[[ Provided data, beginning ]]

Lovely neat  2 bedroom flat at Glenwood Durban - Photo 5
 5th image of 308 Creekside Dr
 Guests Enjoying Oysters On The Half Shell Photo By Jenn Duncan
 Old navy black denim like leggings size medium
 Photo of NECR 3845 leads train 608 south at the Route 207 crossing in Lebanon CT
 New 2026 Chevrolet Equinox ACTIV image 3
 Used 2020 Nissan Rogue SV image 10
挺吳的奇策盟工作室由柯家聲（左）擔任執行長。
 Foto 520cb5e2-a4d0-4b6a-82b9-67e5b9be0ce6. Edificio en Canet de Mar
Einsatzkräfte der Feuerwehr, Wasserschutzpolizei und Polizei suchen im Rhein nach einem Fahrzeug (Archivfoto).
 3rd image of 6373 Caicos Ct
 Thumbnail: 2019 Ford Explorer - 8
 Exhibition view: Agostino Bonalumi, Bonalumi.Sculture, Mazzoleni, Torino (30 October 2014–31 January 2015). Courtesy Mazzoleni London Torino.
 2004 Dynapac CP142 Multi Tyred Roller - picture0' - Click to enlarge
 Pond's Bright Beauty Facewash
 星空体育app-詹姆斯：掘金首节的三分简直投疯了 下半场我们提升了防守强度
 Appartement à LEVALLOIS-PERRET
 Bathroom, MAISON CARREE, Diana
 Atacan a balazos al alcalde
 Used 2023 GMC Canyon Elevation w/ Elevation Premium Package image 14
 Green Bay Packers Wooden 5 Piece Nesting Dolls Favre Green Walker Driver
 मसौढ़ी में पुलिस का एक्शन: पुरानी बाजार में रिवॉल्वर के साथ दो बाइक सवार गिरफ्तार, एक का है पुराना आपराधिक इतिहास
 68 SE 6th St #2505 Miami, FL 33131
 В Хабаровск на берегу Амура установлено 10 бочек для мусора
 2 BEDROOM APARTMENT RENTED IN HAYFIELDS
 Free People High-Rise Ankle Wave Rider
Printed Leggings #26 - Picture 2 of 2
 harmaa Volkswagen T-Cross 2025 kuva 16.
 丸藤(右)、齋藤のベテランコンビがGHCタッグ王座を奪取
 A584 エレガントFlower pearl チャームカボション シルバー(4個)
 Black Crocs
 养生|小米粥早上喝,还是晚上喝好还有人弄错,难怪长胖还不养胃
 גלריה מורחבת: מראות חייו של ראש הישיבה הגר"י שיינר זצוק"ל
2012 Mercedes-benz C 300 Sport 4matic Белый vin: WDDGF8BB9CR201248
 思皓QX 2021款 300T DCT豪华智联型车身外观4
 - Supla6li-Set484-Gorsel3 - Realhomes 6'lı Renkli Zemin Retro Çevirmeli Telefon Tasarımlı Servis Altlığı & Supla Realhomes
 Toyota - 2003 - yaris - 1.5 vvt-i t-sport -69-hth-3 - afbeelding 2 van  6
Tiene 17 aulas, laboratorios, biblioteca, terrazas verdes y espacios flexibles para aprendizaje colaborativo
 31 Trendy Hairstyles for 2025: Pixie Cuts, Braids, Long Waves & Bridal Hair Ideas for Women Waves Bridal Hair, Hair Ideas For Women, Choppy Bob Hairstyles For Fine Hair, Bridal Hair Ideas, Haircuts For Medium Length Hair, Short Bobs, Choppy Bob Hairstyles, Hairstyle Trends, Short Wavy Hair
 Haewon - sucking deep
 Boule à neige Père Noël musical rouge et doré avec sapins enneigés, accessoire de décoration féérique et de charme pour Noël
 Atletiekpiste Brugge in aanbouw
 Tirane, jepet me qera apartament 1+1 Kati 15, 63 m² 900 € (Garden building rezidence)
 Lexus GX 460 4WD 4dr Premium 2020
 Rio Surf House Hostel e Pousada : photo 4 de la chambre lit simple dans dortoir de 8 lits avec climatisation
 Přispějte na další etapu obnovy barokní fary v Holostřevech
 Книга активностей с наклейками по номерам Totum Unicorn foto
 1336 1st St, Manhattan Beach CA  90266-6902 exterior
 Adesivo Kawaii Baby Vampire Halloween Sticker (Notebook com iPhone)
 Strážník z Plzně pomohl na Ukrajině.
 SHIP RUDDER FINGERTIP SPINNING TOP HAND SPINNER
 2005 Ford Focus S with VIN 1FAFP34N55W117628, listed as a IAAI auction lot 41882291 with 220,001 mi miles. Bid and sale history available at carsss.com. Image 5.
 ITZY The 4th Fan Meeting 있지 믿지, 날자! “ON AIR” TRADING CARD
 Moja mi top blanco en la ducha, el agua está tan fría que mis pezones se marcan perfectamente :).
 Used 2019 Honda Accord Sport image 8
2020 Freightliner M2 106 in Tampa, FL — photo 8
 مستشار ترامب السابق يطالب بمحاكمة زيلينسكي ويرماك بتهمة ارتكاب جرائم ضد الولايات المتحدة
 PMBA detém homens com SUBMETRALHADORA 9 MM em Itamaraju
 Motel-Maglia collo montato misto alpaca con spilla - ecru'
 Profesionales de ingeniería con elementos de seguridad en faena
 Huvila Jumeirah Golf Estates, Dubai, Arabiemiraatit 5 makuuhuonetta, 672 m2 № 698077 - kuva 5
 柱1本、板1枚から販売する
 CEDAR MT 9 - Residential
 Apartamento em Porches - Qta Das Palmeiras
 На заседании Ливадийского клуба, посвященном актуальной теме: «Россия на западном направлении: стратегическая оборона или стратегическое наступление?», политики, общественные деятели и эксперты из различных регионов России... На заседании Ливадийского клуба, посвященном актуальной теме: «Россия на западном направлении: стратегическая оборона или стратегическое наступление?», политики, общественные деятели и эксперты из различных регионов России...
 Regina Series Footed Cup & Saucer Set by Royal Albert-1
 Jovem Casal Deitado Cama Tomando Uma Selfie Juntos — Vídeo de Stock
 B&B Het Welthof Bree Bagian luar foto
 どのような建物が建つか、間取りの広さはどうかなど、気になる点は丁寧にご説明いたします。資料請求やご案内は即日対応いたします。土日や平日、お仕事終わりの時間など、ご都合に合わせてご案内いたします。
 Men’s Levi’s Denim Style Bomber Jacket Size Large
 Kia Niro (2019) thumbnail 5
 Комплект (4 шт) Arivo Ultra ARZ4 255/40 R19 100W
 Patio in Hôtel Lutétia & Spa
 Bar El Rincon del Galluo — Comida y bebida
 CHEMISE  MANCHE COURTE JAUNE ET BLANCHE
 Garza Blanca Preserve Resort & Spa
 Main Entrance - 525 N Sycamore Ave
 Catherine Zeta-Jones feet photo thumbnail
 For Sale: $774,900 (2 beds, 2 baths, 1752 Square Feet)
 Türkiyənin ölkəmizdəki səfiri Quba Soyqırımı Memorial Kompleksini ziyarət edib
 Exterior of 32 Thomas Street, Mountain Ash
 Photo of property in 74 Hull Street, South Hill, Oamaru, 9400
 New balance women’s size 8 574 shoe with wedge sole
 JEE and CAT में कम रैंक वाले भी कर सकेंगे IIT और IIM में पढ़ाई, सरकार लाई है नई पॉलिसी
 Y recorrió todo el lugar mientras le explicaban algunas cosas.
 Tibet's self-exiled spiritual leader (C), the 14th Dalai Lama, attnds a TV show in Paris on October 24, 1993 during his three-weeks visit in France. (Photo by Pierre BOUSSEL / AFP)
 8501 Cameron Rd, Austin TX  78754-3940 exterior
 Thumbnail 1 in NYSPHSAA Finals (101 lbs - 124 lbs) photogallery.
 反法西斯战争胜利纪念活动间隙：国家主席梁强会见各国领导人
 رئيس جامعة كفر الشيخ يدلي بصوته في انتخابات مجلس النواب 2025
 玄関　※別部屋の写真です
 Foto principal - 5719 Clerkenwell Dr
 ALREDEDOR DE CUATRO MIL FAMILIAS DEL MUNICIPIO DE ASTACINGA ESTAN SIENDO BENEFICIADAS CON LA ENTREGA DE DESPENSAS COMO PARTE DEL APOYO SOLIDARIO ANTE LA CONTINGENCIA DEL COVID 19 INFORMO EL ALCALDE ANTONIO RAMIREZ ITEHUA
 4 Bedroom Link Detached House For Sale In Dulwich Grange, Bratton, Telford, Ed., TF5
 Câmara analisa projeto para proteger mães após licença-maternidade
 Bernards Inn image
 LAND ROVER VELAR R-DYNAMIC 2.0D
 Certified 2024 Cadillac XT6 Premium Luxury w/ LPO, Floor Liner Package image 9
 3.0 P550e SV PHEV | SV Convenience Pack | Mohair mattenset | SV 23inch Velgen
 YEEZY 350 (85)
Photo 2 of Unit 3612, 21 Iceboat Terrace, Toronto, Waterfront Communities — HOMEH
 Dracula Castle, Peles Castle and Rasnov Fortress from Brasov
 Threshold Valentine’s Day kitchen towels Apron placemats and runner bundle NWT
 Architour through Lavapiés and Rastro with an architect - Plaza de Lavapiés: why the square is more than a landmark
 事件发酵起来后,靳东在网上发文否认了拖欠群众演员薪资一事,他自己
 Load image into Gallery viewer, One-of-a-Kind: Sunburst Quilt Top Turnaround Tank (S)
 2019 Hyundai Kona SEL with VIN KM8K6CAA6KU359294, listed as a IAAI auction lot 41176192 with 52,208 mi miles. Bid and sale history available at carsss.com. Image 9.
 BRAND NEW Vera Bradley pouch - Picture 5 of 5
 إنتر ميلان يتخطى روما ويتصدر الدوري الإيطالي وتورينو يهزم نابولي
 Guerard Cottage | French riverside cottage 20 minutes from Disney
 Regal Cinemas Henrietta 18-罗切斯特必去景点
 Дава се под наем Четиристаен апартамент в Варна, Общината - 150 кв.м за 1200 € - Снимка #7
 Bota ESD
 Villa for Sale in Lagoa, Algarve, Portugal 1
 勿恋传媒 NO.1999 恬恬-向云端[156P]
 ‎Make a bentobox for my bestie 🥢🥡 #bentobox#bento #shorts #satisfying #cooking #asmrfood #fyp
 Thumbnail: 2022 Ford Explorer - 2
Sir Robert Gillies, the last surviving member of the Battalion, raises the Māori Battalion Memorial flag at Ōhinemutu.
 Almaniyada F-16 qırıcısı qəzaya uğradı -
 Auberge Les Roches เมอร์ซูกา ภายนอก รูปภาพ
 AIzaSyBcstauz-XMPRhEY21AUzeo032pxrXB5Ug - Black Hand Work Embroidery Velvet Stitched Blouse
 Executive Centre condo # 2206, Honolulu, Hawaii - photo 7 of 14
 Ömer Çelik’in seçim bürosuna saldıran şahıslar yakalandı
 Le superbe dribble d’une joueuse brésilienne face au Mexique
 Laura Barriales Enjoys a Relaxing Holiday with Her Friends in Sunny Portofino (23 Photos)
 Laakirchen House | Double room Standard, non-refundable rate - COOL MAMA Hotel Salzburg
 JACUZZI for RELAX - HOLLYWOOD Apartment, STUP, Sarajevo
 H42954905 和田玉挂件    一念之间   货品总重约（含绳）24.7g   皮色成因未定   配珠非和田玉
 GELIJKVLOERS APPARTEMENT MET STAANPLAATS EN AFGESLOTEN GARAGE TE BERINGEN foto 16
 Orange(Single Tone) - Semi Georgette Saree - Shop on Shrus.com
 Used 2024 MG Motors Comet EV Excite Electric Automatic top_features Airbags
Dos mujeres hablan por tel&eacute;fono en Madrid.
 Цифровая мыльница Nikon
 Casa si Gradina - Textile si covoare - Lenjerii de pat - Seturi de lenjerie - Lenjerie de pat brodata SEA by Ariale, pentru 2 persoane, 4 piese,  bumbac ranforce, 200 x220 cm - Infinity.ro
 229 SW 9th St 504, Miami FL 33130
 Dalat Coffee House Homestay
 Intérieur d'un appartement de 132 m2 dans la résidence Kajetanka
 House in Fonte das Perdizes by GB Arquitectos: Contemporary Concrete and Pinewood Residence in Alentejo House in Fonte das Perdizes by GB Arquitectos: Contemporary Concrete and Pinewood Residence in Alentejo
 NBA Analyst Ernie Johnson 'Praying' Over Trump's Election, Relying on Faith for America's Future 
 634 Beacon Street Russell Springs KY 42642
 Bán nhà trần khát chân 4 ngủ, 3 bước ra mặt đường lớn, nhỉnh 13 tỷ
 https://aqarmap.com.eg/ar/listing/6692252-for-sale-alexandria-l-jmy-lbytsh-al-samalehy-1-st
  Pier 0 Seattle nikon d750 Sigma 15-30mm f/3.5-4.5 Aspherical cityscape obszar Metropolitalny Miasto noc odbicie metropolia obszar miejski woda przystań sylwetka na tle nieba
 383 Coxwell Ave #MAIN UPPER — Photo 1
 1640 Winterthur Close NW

[[ Provided data, end ]]

* Aim of the task: Beginning with the line that has "Dracula Castle, Peles" and ending with the line that has "Load image into", set down the lines above exactly and include no others.

* Solution:
 Dracula Castle, Peles Castle and Rasnov Fortress from Brasov
 Threshold Valentine’s Day kitchen towels Apron placemats and runner bundle NWT
 Architour through Lavapiés and Rastro with an architect - Plaza de Lavapiés: why the square is more than a landmark
 事件发酵起来后,靳东在网上发文否认了拖欠群众演员薪资一事,他自己
 Load image into Gallery viewer, One-of-a-Kind: Sunburst Quilt Top Turnaround Tank (S)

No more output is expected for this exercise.